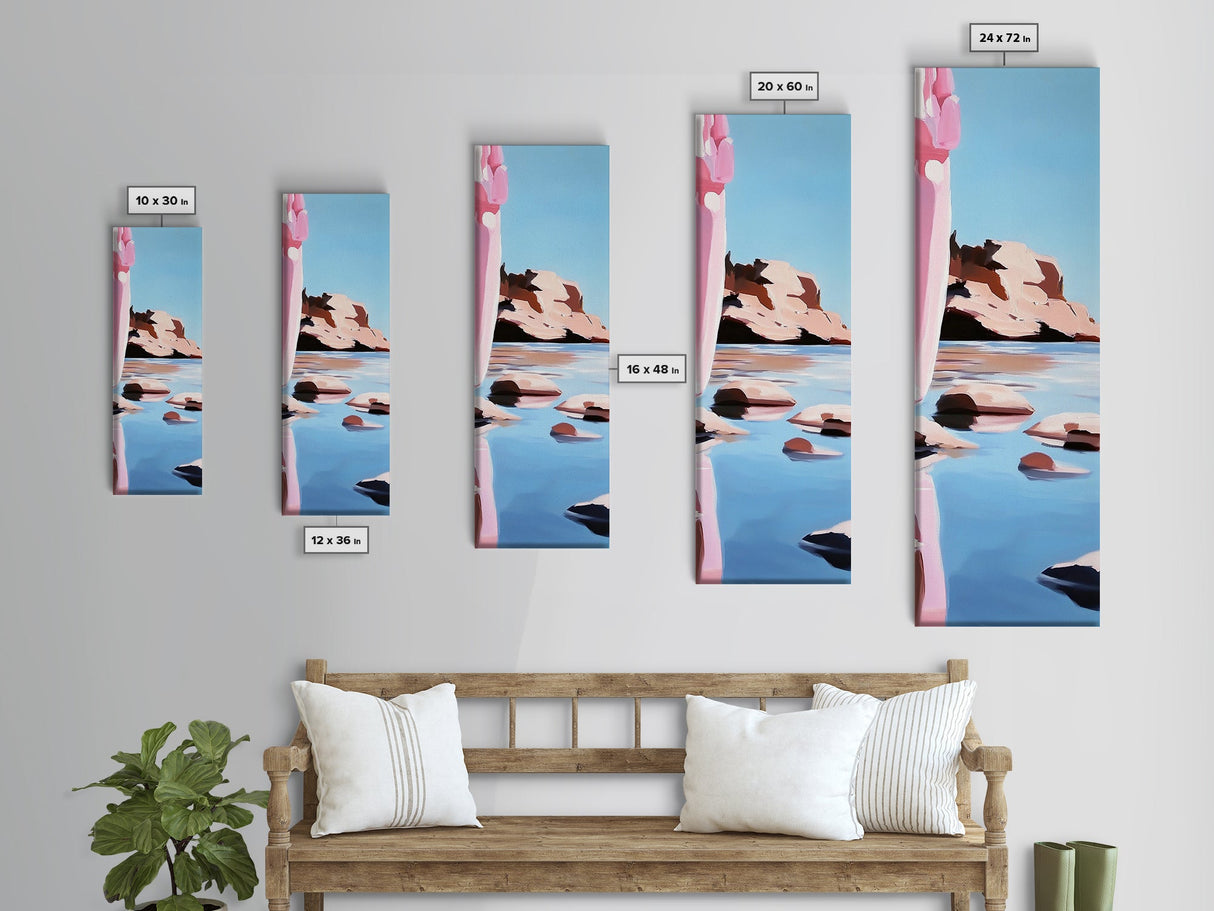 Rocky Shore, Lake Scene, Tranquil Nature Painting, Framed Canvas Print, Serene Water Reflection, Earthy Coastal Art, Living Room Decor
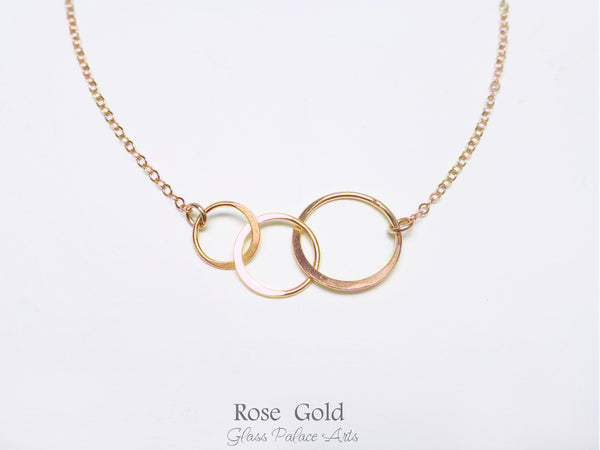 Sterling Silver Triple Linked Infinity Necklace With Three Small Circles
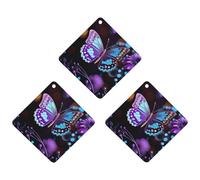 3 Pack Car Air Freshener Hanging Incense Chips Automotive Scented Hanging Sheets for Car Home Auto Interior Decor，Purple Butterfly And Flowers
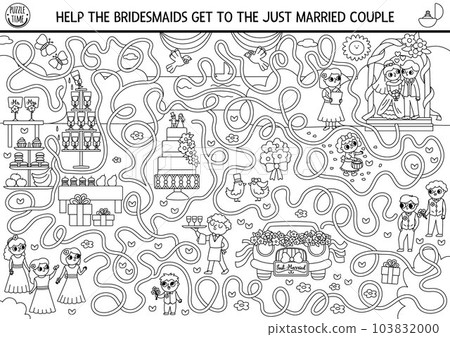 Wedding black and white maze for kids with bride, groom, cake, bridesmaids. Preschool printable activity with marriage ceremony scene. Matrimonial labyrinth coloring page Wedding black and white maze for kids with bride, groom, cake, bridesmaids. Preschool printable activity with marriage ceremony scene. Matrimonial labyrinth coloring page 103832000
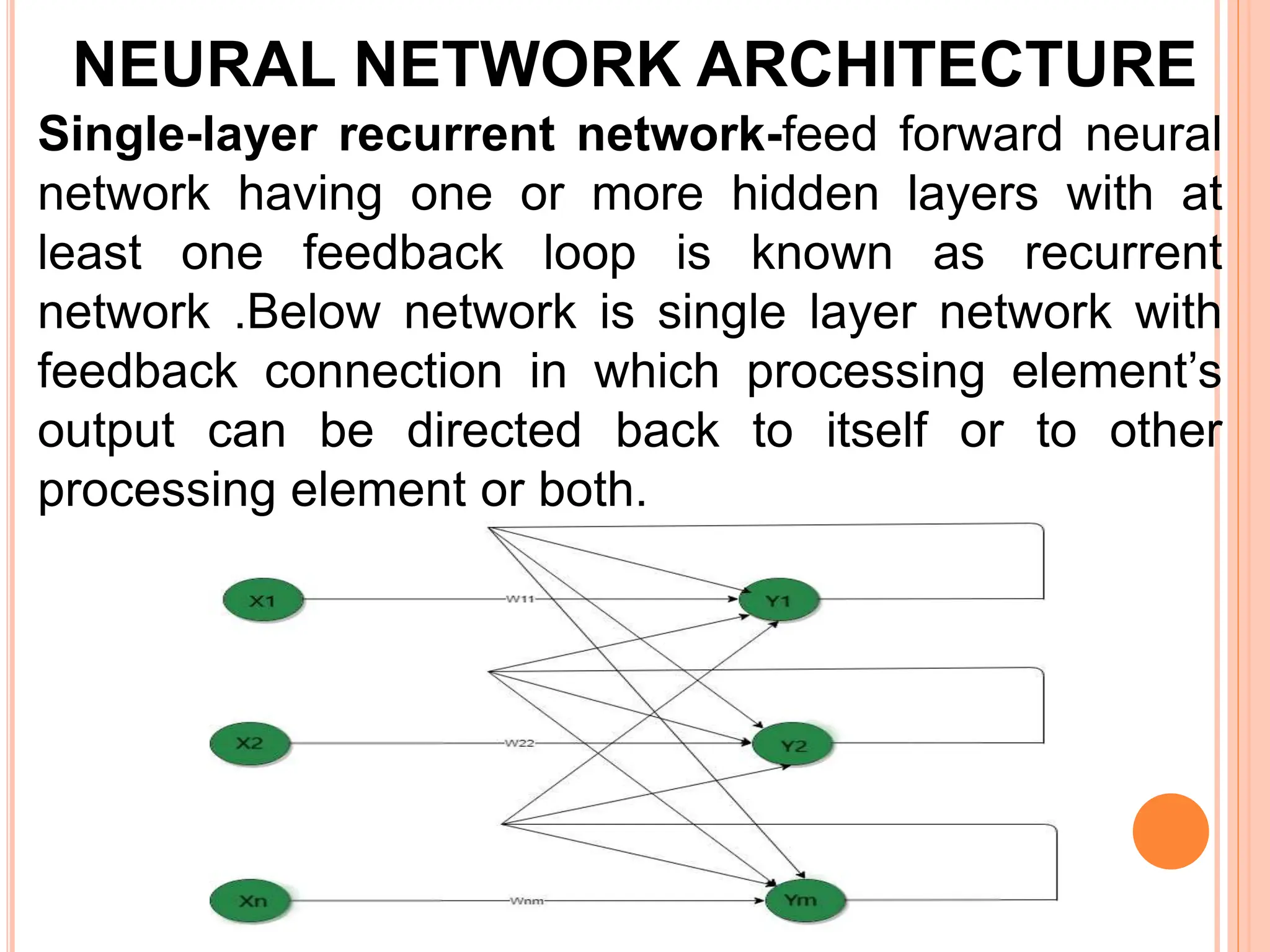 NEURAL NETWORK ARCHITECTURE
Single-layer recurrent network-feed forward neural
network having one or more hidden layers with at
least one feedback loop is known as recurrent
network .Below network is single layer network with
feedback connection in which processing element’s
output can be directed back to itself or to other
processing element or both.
______
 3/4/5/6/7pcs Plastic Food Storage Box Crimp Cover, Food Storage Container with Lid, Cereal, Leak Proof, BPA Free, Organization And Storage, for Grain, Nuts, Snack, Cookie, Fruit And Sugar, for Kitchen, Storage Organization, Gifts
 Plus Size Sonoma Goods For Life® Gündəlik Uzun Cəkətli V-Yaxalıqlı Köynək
______
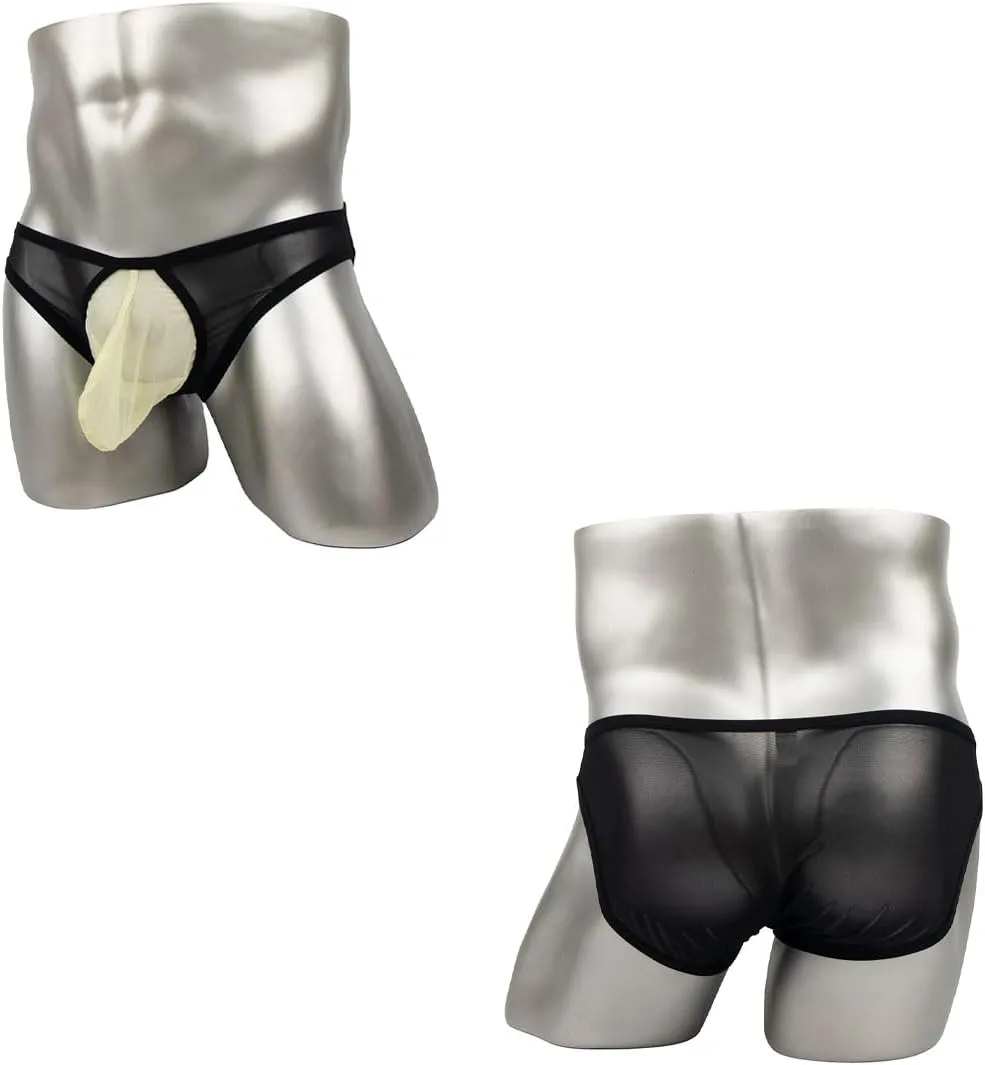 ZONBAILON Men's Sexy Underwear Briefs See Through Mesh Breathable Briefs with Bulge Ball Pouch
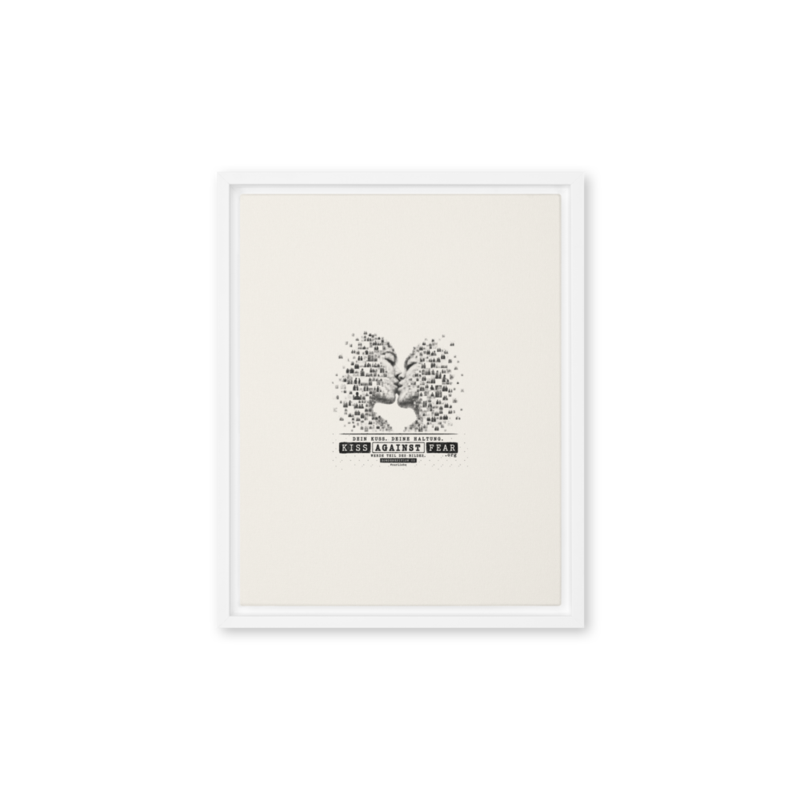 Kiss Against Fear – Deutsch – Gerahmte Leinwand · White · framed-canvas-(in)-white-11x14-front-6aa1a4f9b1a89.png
______
> [Exercise instructions]: Repeat, word for word, the lines above between the line holding "feedback connection in" and the line holding "processing element or both.", inclusive; omit everything else.

> [Exercise result]:
feedback connection in which processing element’s
output can be directed back to itself or to other
processing element or both.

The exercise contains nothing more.